» **WORK REQUIRED**
Once the line containing "重活一世大小姐又狠又飒(60集) 重活一" is found, copy that line and all remaining lines of the records exactly, including the last one, and add nothing.

***

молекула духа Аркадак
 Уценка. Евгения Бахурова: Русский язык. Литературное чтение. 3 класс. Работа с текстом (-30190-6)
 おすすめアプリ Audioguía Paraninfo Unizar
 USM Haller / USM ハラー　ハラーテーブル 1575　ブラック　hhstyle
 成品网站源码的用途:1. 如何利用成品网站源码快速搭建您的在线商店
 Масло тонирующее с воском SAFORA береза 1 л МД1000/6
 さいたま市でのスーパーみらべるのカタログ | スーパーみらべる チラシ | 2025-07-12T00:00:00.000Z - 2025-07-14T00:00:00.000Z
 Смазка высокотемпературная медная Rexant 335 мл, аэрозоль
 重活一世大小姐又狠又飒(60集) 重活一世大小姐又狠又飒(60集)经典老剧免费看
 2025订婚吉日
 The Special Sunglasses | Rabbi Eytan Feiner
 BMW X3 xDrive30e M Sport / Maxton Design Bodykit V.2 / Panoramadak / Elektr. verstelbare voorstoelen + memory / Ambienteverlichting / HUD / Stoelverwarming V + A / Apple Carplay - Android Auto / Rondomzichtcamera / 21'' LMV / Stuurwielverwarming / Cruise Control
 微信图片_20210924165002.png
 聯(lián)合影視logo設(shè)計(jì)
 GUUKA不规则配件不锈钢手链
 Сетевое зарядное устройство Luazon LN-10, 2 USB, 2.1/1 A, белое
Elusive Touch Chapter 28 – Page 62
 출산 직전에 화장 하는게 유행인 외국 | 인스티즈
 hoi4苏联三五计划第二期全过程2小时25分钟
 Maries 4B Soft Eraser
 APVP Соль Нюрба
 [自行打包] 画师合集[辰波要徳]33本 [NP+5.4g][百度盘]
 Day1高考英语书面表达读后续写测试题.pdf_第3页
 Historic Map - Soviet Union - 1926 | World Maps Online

***

» **WRITTEN RESPONSE**
 重活一世大小姐又狠又飒(60集) 重活一世大小姐又狠又飒(60集)经典老剧免费看
 2025订婚吉日
 The Special Sunglasses | Rabbi Eytan Feiner
 BMW X3 xDrive30e M Sport / Maxton Design Bodykit V.2 / Panoramadak / Elektr. verstelbare voorstoelen + memory / Ambienteverlichting / HUD / Stoelverwarming V + A / Apple Carplay - Android Auto / Rondomzichtcamera / 21'' LMV / Stuurwielverwarming / Cruise Control
 微信图片_20210924165002.png
 聯(lián)合影視logo設(shè)計(jì)
 GUUKA不规则配件不锈钢手链
 Сетевое зарядное устройство Luazon LN-10, 2 USB, 2.1/1 A, белое
Elusive Touch Chapter 28 – Page 62
 출산 직전에 화장 하는게 유행인 외국 | 인스티즈
 hoi4苏联三五计划第二期全过程2小时25分钟
 Maries 4B Soft Eraser
 APVP Соль Нюрба
 [自行打包] 画师合集[辰波要徳]33本 [NP+5.4g][百度盘]
 Day1高考英语书面表达读后续写测试题.pdf_第3页
 Historic Map - Soviet Union - 1926 | World Maps Online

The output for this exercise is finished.